Wermuth offre il controllo ufficiale di affitti

Per quanto riguarda l’allentamento delle norme edilizie, la consigliera nazionale del centro Elisabeth Schneider-Schneiter è d’accordo. Lei è invece contraria a una maggiore tutela degli inquilini:

“La tutela degli inquilini è così sviluppata che non è più nemmeno interessante investire nella costruzione di alloggi in affitto”

Il problema non è l’immigrazione, ma il fatto che non investiamo abbastanza, sostiene Baloise.

Il copresidente del PS Cédric Wermuth concorda con Schneider-Schneiter solo su un punto: “L’immigrazione non è la causa della carenza di alloggi e dell’esplosione degli affitti”. Per il socialista i principali colpevoli sono “la lobby immobiliare e i suoi beneficiari, come le banche”. Inoltre in Svizzera, dove i terreni scarseggiano, il mercato immobiliare è ancora sotto pressione.

“I gruppi immobiliari costruiscono quando possono realizzare profitti”

Alcuni sfruttano “spudoratamente” la mancanza di controllo degli affitti e le piccole dimensioni della Svizzera. Anche l’evoluzione sociale influisce sull’offerta abitativa: “ad esempio oggi in un appartamento vivono meno persone che in passato”. Il PS è quindi pienamente disponibile a discutere per facilitare l’attività di costruzione:

“Ma non siamo disposti ad aumentare i profitti della lobby immobiliare a scapito della protezione dal rumore e della qualità delle abitazioni”.

Sarebbe meglio introdurre controlli ufficiali sugli affitti, come ha fatto la Svizzera per decenni fino al 1970, e incoraggiare la costruzione di case popolari, dice Wermuth. “Guy Parmelin potrebbe essere responsabile di disinnescare la crisi immobiliare, ma organizza solo tavole rotonde inefficaci”. Così facendo il consigliere federale dell’Udc non fa altro che fare il gioco del suo partito e della sua iniziativa.

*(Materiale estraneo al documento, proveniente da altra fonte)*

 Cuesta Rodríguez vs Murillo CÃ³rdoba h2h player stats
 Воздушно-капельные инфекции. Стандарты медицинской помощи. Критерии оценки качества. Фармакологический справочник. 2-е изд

Le misure concrete proposte dall’intero Consiglio federale si conosceranno probabilmente nella seconda metà dell’anno. Dovrebbero essere inclusi nel “Rapporto aggiornato sulla libera circolazione delle persone e sull’immigrazione in Svizzera” commissionato dal Parlamento. La versione iniziale del rapporto diceva:

“Se l’aumento della popolazione continua, la sfida per la politica abitativa è garantire che le nuove costruzioni siano sufficienti attraverso condizioni quadro adeguate”.

La politica dovrebbe continuare a contribuire “a garantire che siano disponibili offerte adeguate e convenienti per i gruppi di popolazione economicamente più deboli e per le famiglie con bisogni specifici (…)”. La segnalazione risale a luglio 2012.